• [What is required] Begin at the top of the records below and print each line exactly until the line containing "धरने पर Haryana" has been printed; any pictures are to be left out.

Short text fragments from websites
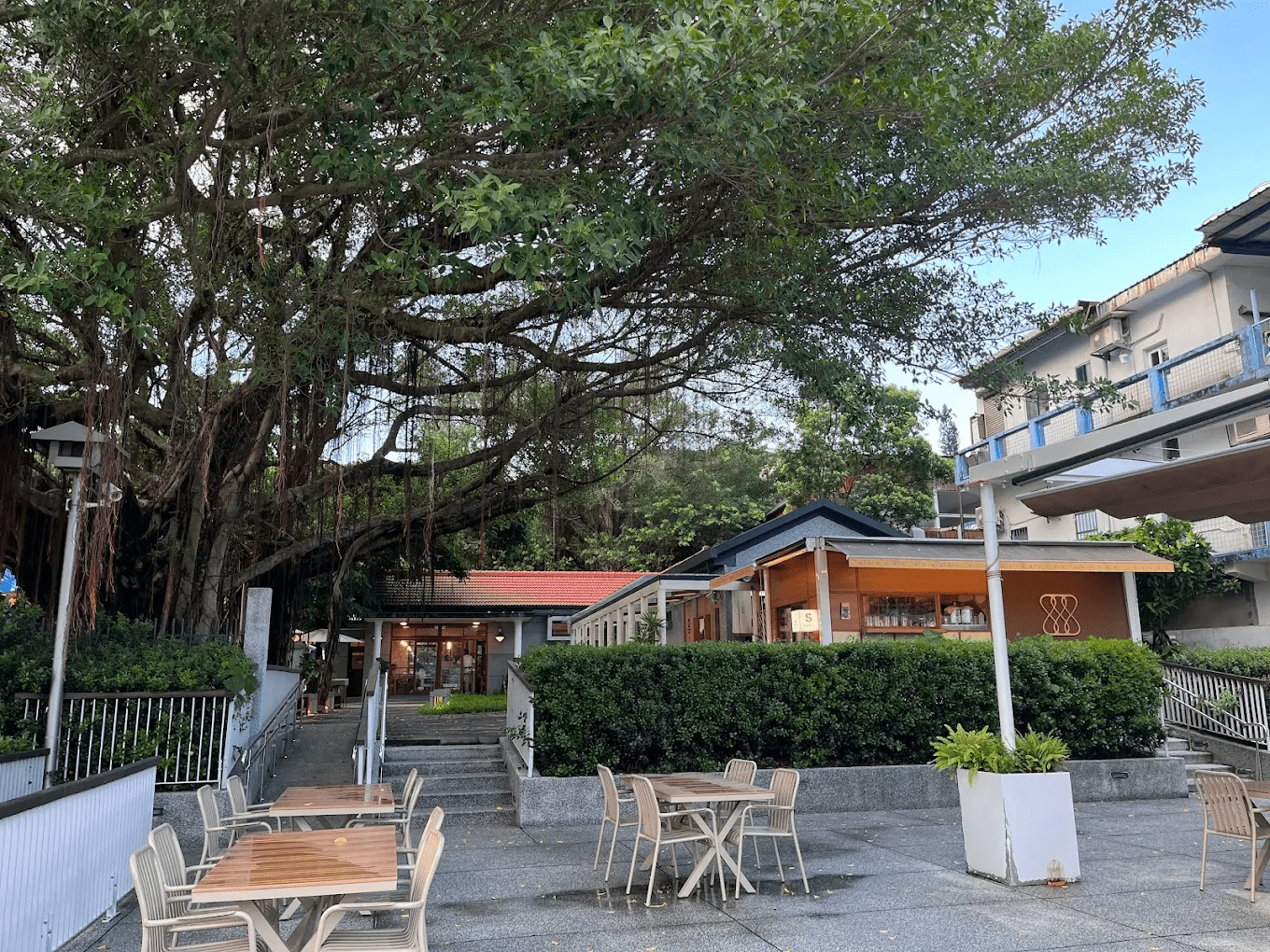 時光樹影-Memory 河岸景觀餐廳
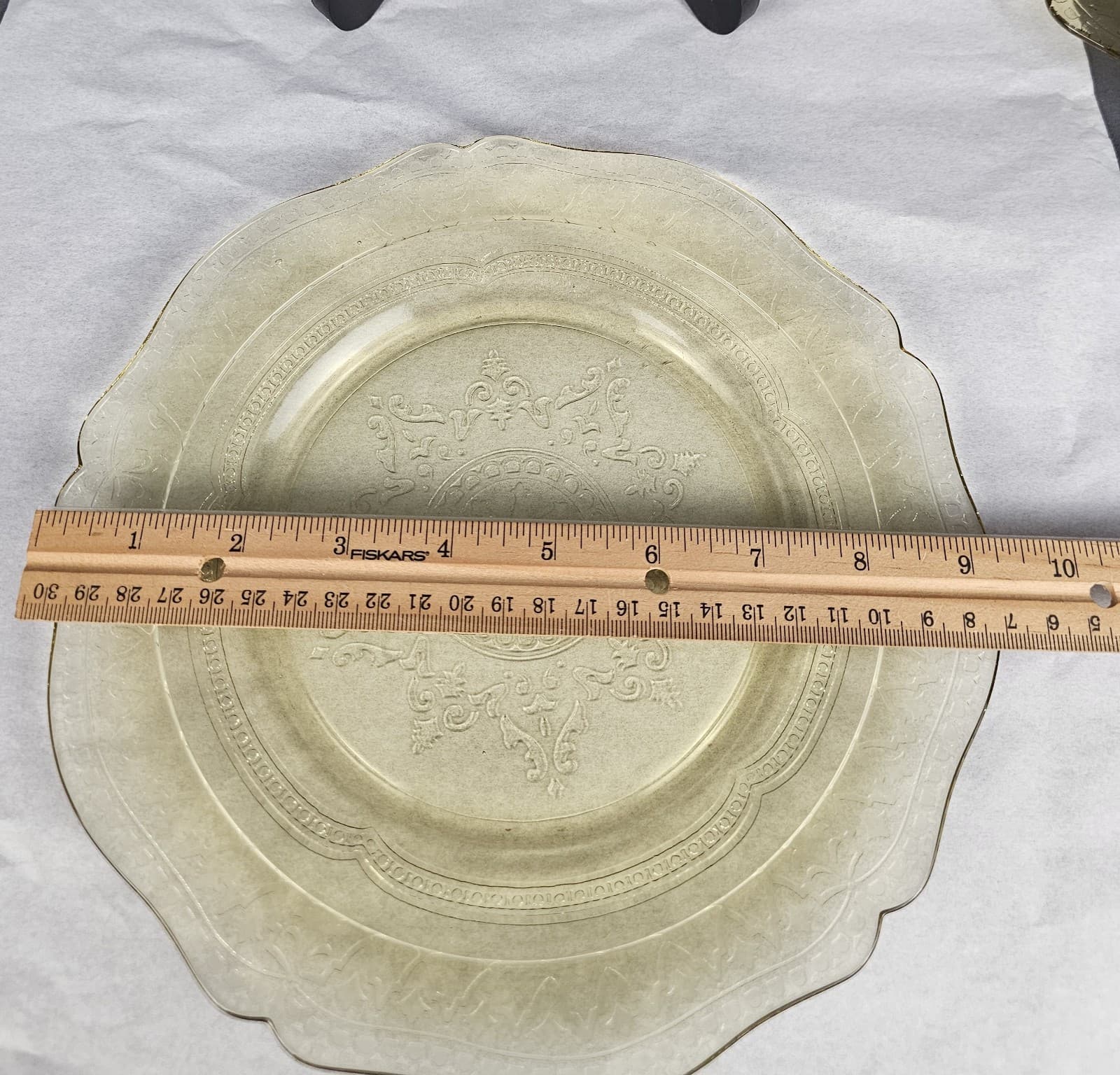 (2) 9.25" Federal Glass Amber Depression Patrician Spoke Scallop Dinner Plate - Thumbnail 5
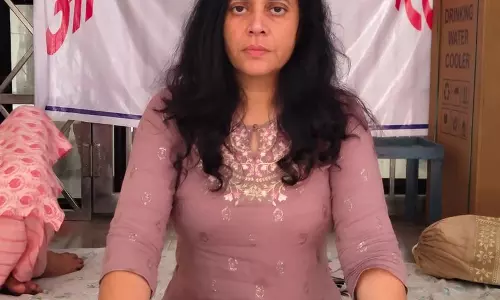 Haryana : महिला प्रोफेसर केंद्रीय विश्वविद्यालय में अनिश्चितकालीन धरने पर Haryana : महिला प्रोफेसर केंद्रीय विश्वविद्यालय में अनिश्चितकालीन धरने पर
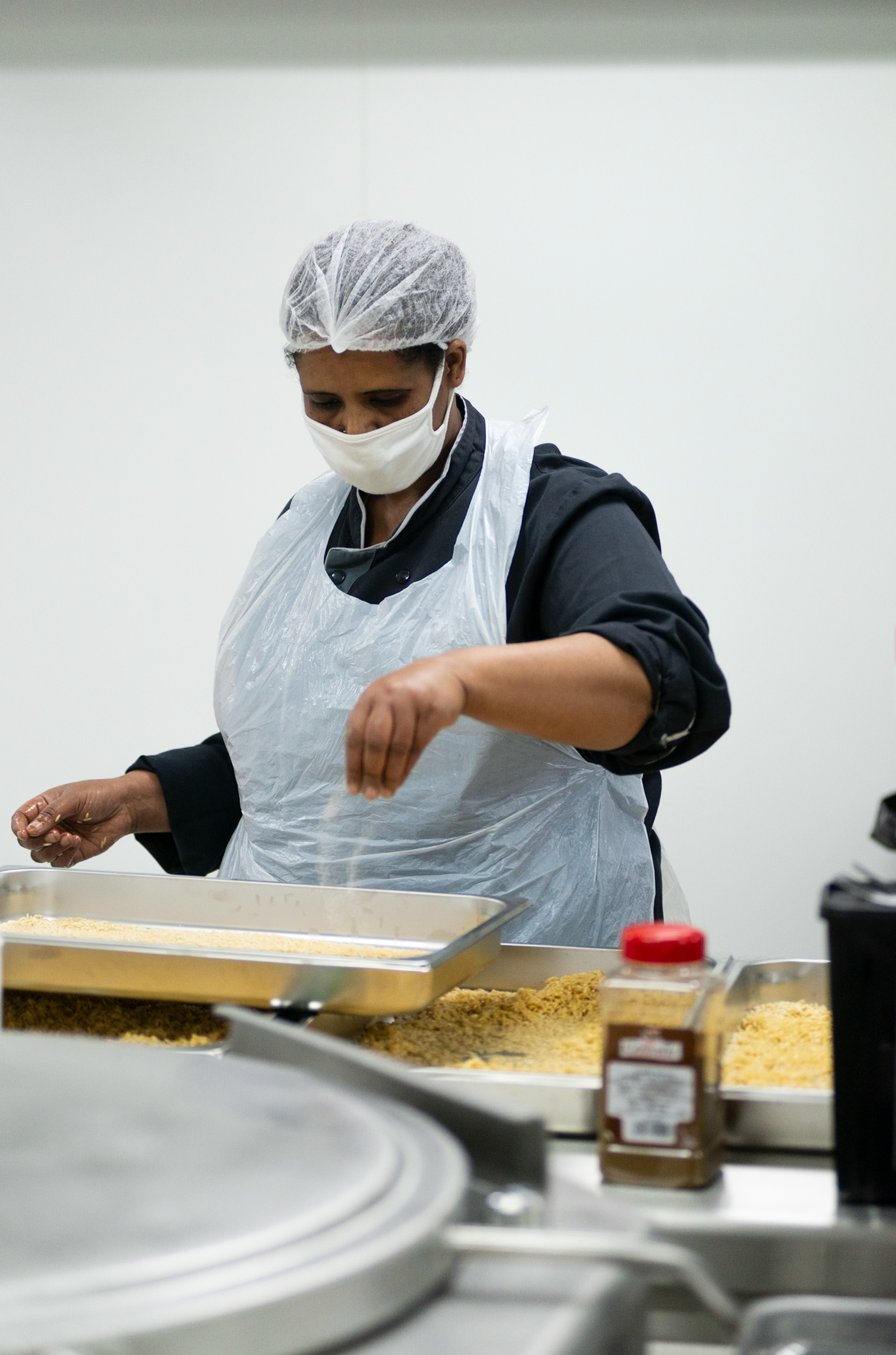 L'équipe de Label Gamelle demarre l'activité de l'entreprise le premier jour de production de repas. Label Gamelle est une cuisine centrale où mitonner des repas de grande qualité pour les plus démunis.Label Gamelle est ainsi une entreprise au service de l’humain qui concilie activité économique et utilité sociale. Une entreprise d'insertion, la grande majorité des employés de Label gamelle sont des personnes recrutées en contrat à durée déterminée d’insertion (CDDI). Montreuil, France.
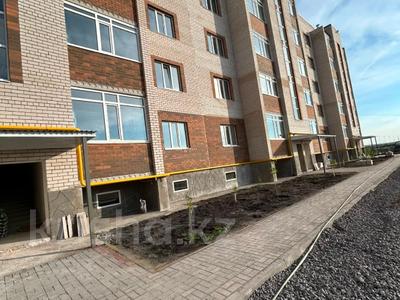 3-бөлмелі пәтер · 92 м² · 3/5 қабат, Алтын орда ш/а. 2Г, бағасы: 23.5 млн ₸ в Актобе, мкр. Алтын орда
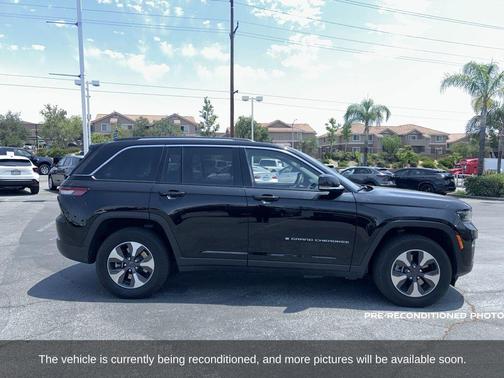 2023 Jeep Grand Cherokee 4xe Base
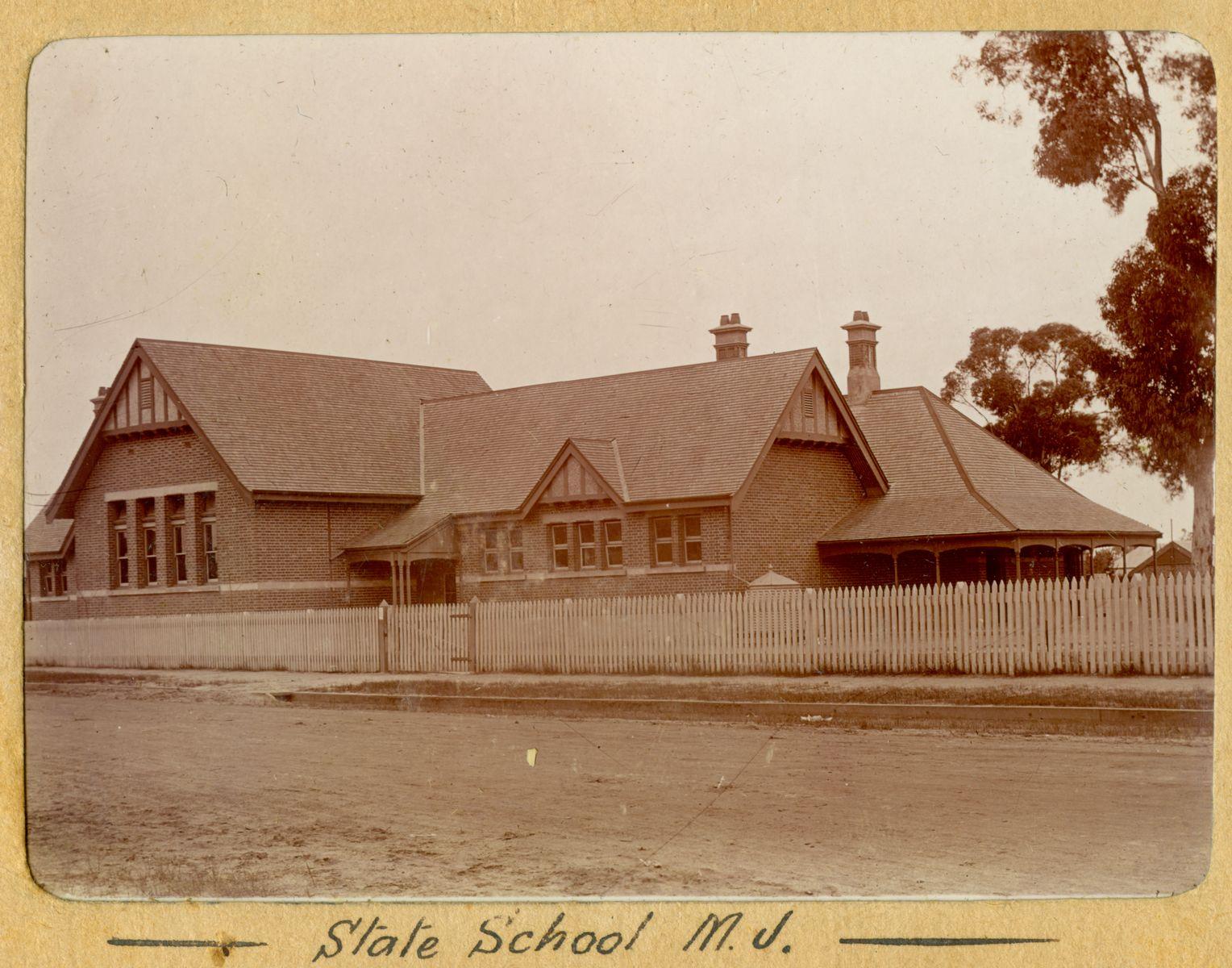 P100-18. Midland Junction State School.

• [Solution to this task]
 時光樹影-Memory 河岸景觀餐廳
 (2) 9.25" Federal Glass Amber Depression Patrician Spoke Scallop Dinner Plate - Thumbnail 5
 Haryana : महिला प्रोफेसर केंद्रीय विश्वविद्यालय में अनिश्चितकालीन धरने पर Haryana : महिला प्रोफेसर केंद्रीय विश्वविद्यालय में अनिश्चितकालीन धरने पर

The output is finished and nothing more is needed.